EXERCISE INSTRUCTIONS: Each entry below is to be returned exactly, with any pictures left out.
|---|
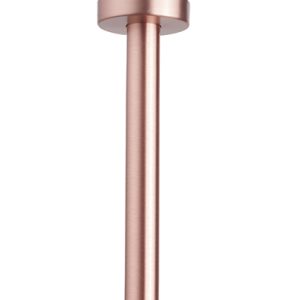 UniMatch douchearm met plafondbevestiging 20 cm geborsteld koper
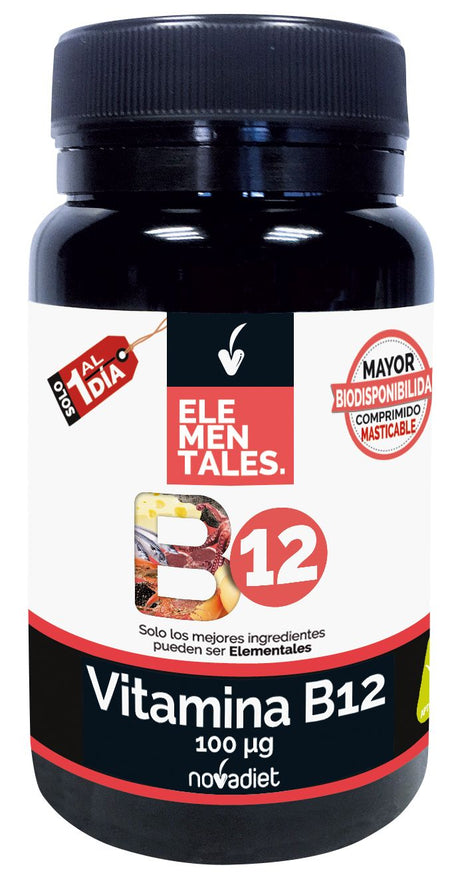 Vitamina B12 100 mcg · Nova Diet · 120 Comprimidos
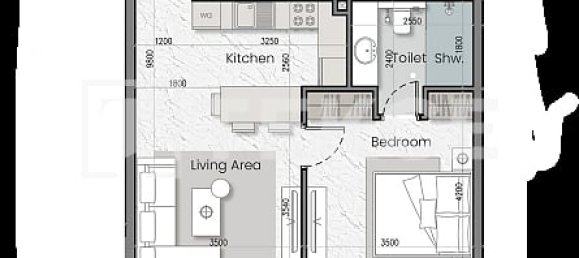 1 غرف نوم شقة في دائرة قرية جميرا, UAE رقم 65707 24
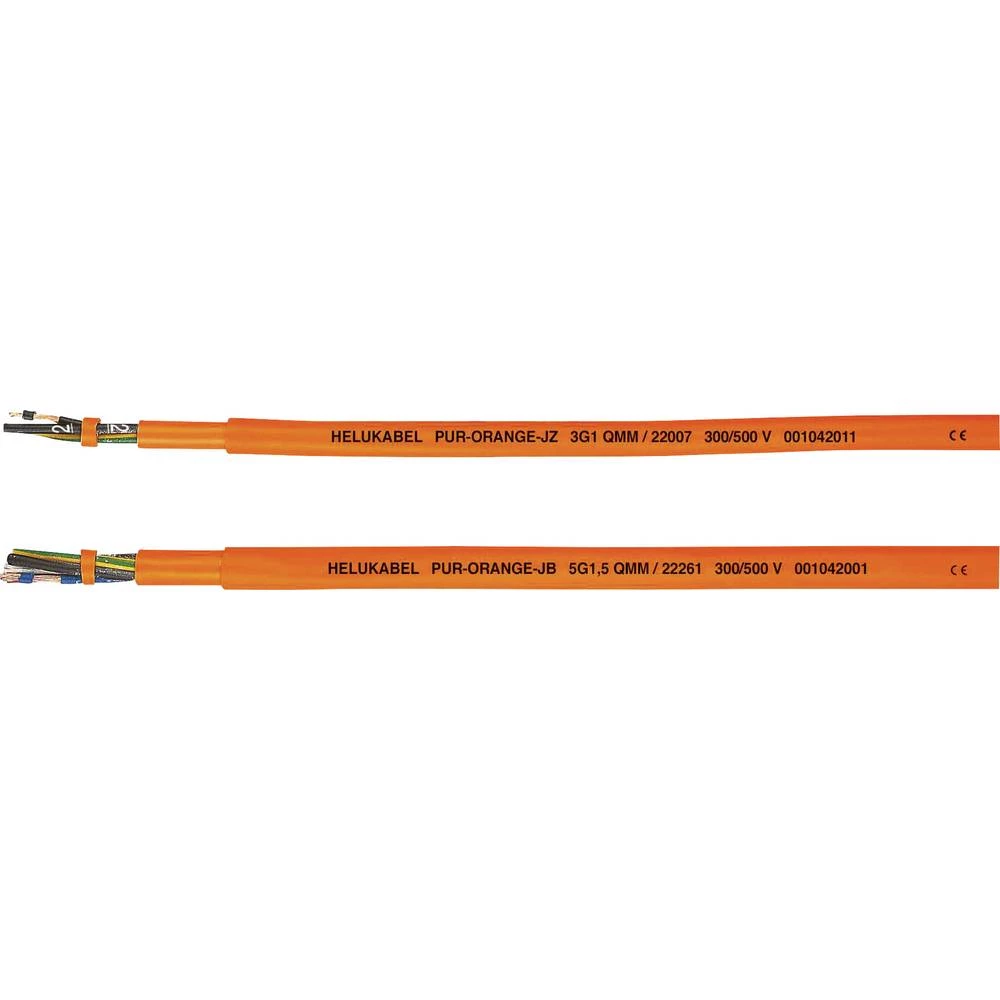 HELU PUR-Orange JB crijevasti vod 5 G 1.5 mm² narančasta 22261-1000 1000 m slika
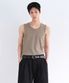 와이드 리브드 탱크 탑 [토프]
|---|
EXERCISE ANSWER:
 UniMatch douchearm met plafondbevestiging 20 cm geborsteld koper
 Vitamina B12 100 mcg · Nova Diet · 120 Comprimidos
 1 غرف نوم شقة في دائرة قرية جميرا, UAE رقم 65707 24
 HELU PUR-Orange JB crijevasti vod 5 G 1.5 mm² narančasta 22261-1000 1000 m slika
 와이드 리브드 탱크 탑 [토프]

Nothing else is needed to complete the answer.